◆ **Records provided**:
________________________________________
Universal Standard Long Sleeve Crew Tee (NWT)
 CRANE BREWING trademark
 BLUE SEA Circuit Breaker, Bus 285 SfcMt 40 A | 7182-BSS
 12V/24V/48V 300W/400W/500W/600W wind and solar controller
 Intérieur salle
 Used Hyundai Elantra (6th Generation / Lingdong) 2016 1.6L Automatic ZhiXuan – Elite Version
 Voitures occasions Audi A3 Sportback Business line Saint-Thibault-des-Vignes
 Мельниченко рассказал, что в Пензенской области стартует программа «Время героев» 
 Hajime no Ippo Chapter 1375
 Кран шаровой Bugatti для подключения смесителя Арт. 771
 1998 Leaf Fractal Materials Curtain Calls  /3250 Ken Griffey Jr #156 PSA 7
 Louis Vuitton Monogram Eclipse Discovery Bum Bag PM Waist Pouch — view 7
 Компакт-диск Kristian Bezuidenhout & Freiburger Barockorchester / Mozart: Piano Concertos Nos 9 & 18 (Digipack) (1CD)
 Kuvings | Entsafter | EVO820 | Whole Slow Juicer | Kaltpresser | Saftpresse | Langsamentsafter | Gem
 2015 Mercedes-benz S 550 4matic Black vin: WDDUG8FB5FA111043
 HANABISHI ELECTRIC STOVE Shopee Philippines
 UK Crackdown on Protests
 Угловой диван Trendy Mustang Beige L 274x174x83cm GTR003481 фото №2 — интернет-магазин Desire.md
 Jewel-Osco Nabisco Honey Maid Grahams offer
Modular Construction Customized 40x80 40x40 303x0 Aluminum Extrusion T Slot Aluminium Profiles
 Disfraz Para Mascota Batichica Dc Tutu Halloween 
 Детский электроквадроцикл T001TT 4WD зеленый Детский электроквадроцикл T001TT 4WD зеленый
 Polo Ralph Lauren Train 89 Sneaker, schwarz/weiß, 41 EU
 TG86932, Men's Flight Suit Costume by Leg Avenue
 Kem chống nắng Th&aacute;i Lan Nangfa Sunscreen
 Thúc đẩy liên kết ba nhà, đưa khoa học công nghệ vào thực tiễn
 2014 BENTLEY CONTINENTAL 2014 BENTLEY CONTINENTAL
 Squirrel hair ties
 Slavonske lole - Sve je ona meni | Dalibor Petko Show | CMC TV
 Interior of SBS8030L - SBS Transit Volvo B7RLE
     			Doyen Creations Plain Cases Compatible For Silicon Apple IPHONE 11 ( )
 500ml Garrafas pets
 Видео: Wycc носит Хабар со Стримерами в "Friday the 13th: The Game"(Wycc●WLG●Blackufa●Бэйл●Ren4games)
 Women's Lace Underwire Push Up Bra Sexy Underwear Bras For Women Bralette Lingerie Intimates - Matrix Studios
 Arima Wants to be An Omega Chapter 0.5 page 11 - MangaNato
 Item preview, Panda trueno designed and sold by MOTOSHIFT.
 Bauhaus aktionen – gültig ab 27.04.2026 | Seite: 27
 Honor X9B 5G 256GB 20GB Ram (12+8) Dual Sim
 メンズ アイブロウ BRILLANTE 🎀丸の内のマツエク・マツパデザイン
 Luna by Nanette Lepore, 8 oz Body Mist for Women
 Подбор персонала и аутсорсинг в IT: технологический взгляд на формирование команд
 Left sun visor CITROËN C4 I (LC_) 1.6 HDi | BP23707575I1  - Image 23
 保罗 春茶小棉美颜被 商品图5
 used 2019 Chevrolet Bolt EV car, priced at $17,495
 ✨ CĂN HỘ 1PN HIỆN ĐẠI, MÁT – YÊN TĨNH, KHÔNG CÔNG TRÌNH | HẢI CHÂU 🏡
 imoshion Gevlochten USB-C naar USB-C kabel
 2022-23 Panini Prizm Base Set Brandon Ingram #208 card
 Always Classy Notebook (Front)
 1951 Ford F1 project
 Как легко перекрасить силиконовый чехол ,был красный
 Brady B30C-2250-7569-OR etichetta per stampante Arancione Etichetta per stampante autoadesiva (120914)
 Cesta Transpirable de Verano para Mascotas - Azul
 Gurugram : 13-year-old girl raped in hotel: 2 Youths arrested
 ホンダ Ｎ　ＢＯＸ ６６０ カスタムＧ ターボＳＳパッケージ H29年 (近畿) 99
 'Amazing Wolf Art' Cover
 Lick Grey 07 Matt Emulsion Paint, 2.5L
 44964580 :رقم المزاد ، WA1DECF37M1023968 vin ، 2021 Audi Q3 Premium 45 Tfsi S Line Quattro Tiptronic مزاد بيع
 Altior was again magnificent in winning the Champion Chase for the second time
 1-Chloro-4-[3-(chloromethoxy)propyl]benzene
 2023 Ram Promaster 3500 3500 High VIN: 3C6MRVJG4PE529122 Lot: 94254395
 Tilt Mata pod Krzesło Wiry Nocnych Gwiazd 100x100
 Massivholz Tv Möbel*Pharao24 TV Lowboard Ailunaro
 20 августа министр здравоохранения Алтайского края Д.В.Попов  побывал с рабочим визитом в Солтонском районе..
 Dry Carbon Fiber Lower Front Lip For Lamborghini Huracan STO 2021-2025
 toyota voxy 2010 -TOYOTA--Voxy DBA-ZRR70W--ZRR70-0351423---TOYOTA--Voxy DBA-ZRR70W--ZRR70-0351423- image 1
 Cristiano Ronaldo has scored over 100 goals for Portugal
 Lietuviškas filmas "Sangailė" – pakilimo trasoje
________________________________________
◆ **Task instructions**:
Everything above from the line containing "1-Chloro-4-[3-(chloromethoxy)propyl]benzene" down to the line containing "Cristiano Ronaldo has" is to be transcribed exactly, with both of those lines included and nothing else added.

◆ **Solution to this exercise**:
 1-Chloro-4-[3-(chloromethoxy)propyl]benzene
 2023 Ram Promaster 3500 3500 High VIN: 3C6MRVJG4PE529122 Lot: 94254395
 Tilt Mata pod Krzesło Wiry Nocnych Gwiazd 100x100
 Massivholz Tv Möbel*Pharao24 TV Lowboard Ailunaro
 20 августа министр здравоохранения Алтайского края Д.В.Попов  побывал с рабочим визитом в Солтонском районе..
 Dry Carbon Fiber Lower Front Lip For Lamborghini Huracan STO 2021-2025
 toyota voxy 2010 -TOYOTA--Voxy DBA-ZRR70W--ZRR70-0351423---TOYOTA--Voxy DBA-ZRR70W--ZRR70-0351423- image 1
 Cristiano Ronaldo has scored over 100 goals for Portugal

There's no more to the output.